Why journalism doesn't matter
Ontario journalists are great at reporting historic abuses by governments. Any doubt of that ought to be dispelled by reviewing their coverage of Native residential schools and/or the Huronia Regional Centre.
What about current abuses, though? We'll pretend the media wasn't aware of the abuses mentioned, at the time they occurred. From the absence of reports, one would think that we live in a Utopia, where governments have stopped abusing people. Unfortunately, this is not the case.
In January, 2013, the Hamilton Spectator published an editorial, by Paul Berton, titled: "Why journalism matters". The editorial implies that journalism matters because journalists hold powers that be to account, presumably, for the benefit of society.
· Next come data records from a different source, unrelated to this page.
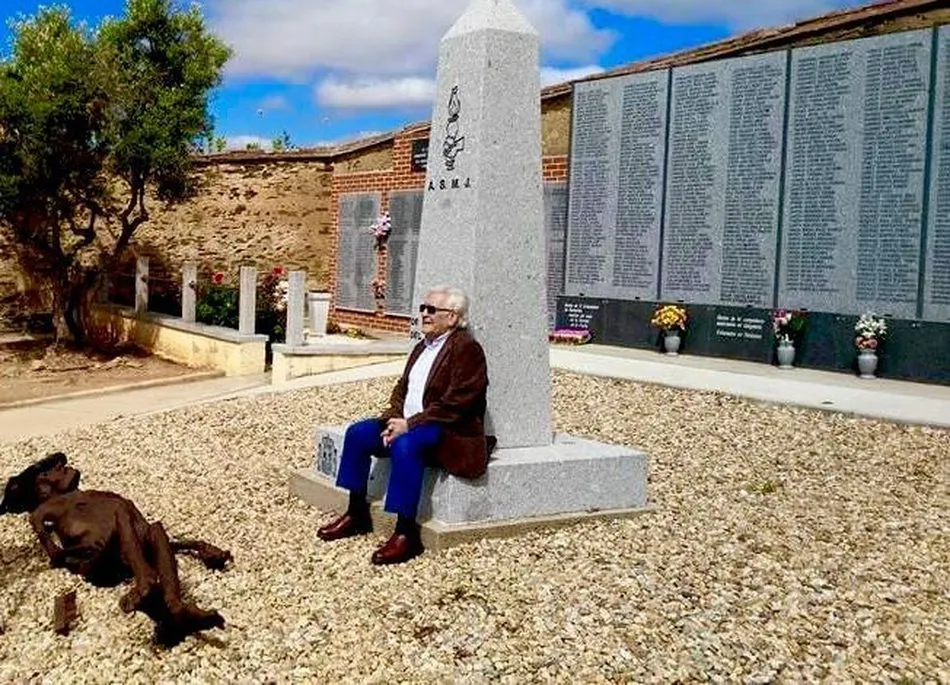 A Luis Calvo Rengel. Un socialista íntegro y honesto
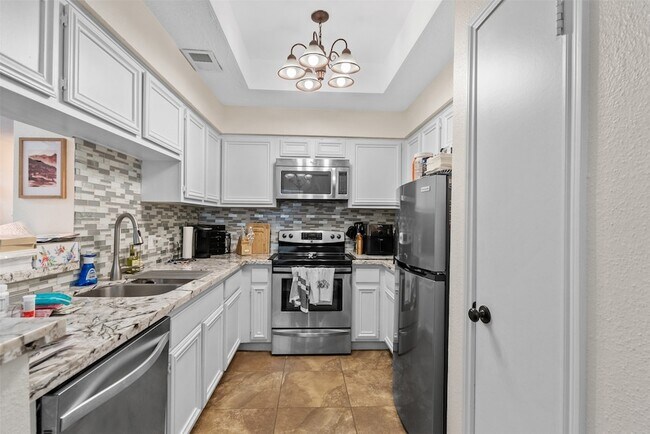 Building Photo - 2220 Bering Dr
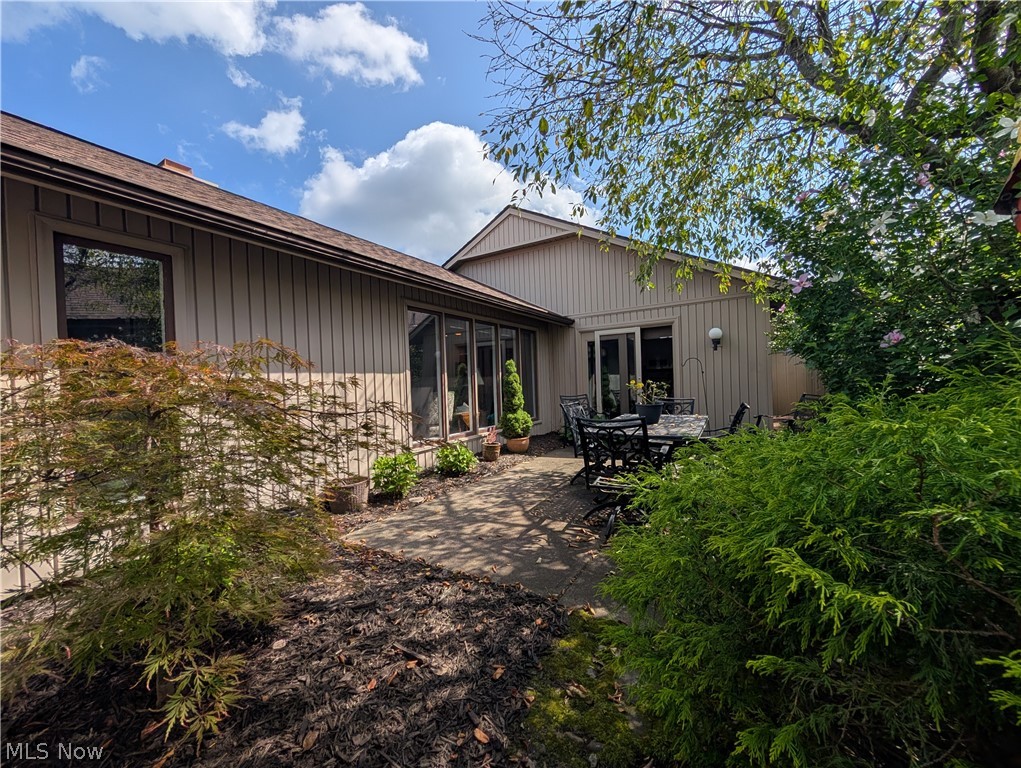 10772 Meadow Trail Strongsville OH 44149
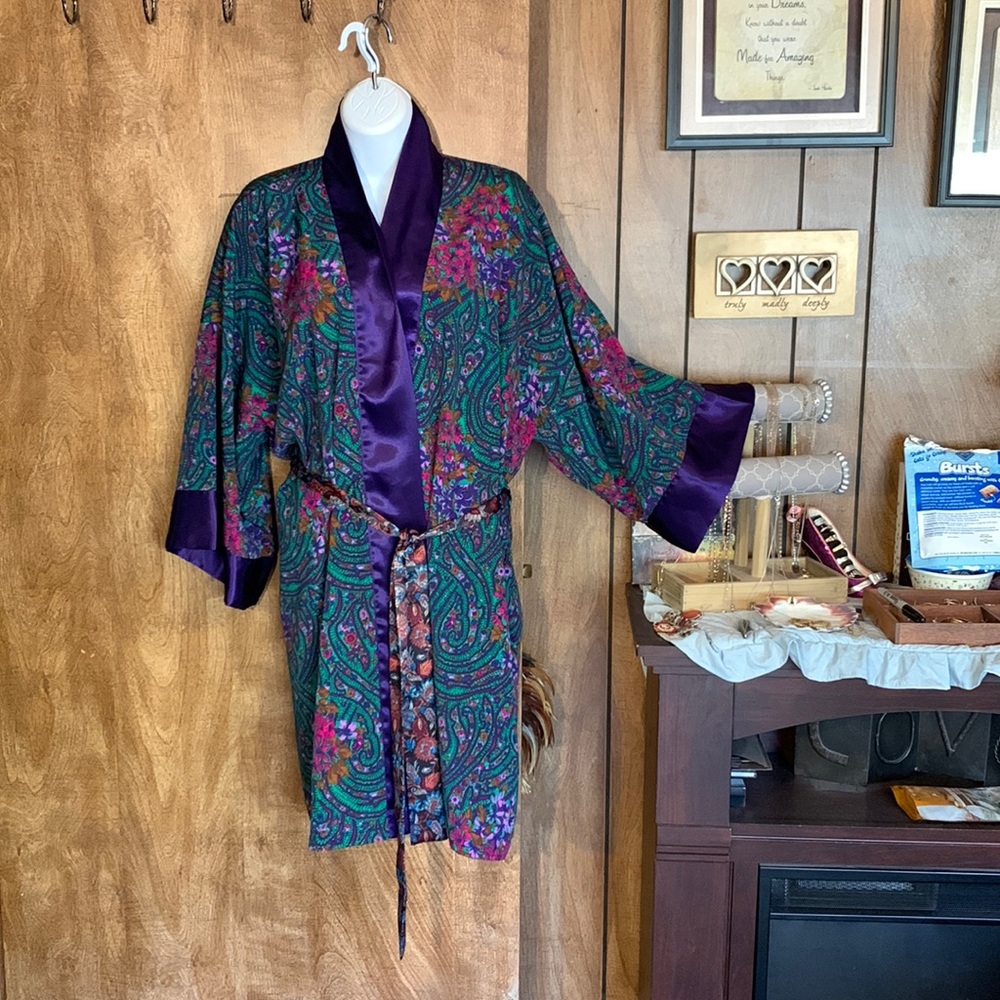 Vintage Gold Label VS🔥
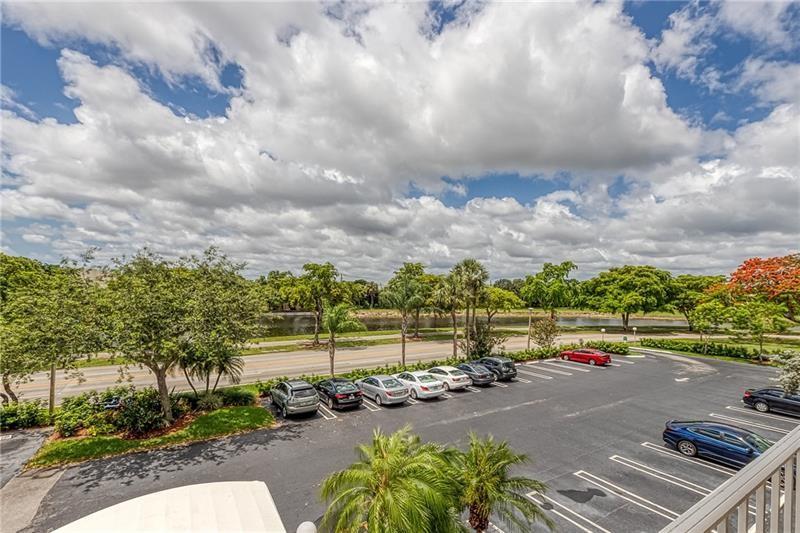 Palm Aire Country Club - Residential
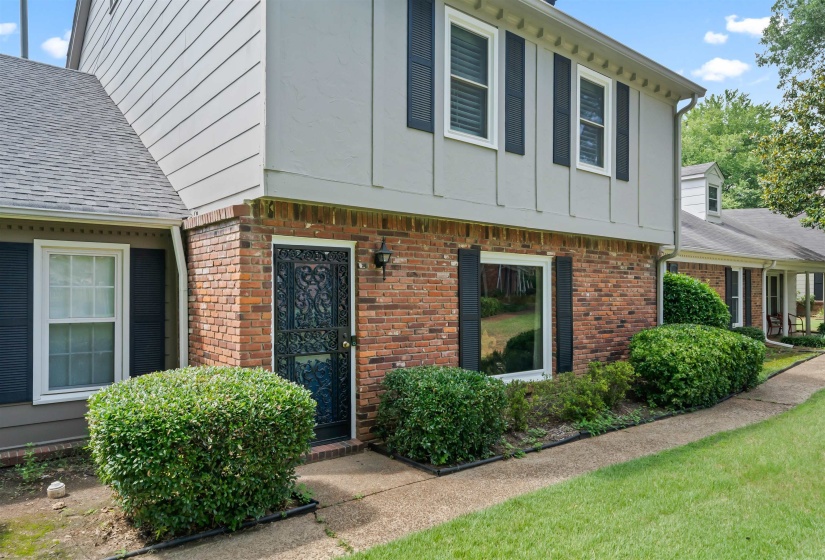 6943 FORDS STATION RD, Germantown, Tennessee 38138, 3 Bedroom Bedrooms, 6 Room Rooms,2.1 BathroomBathrooms,Residential,For Sale,FORDS STATION,0,10226220
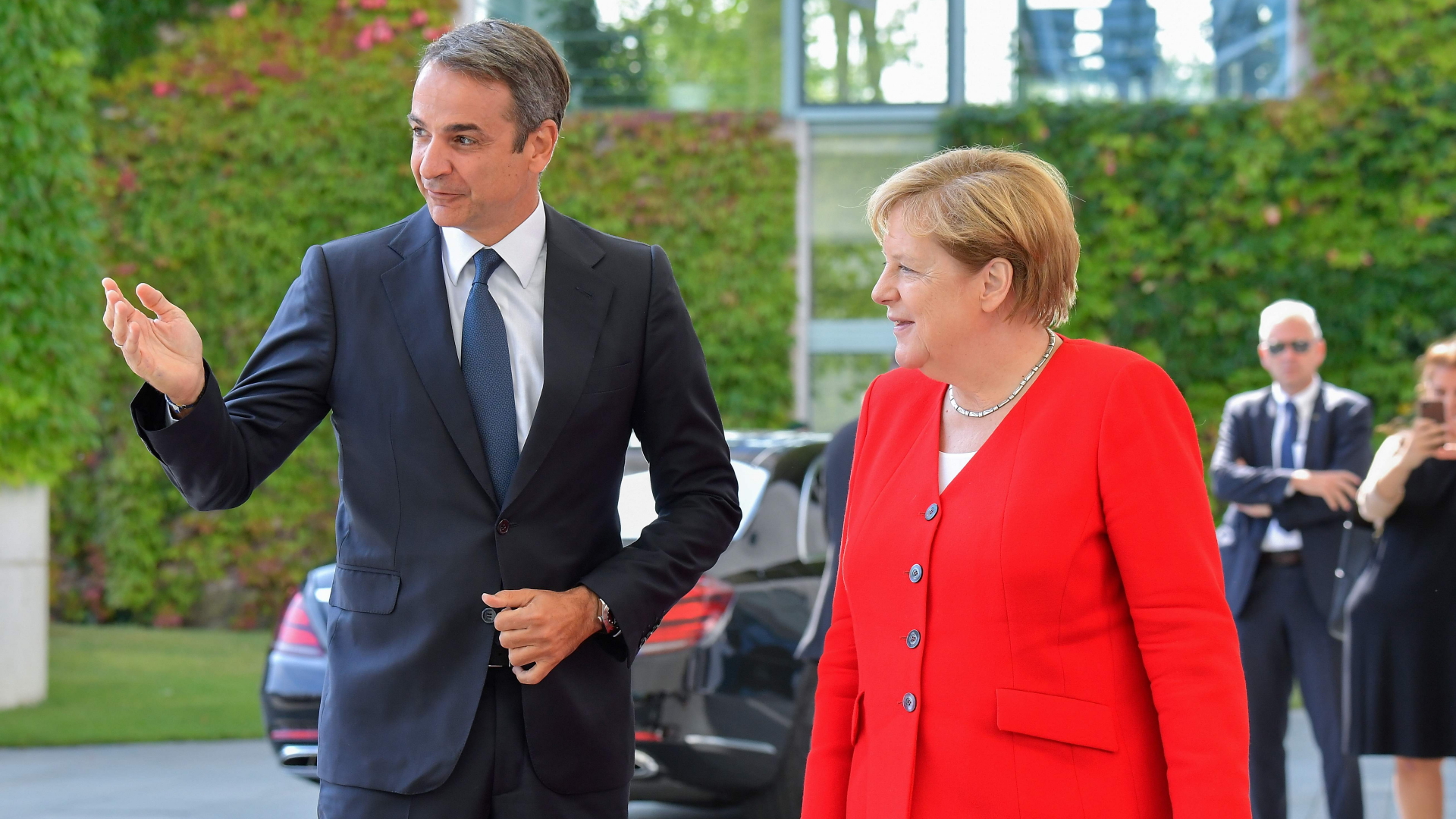 Bundeskanzlerin Merkel begrüßt Griechenlans Regierungschef Mitsotakis in Berlin. | AFP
In April, of this year, the Hamilton Spectator published an article, by Molly Hayes, titled: "The grim reality of homelessness". The article states that light has been shed on the barriers faced by homeless people. Both of these pieces prompted me to e-mail their respective authors. I've posted the text of the pieces HERE and the text of the e-mail exchanges HERE.
I expect any rational person, reviewing these, would come to the conclusion that journalism doesn't matter or that journalism matters very little and only to history buffs, part-time McMaster University students and the very few others who benefit from journalists' "attacks" on "soft targets".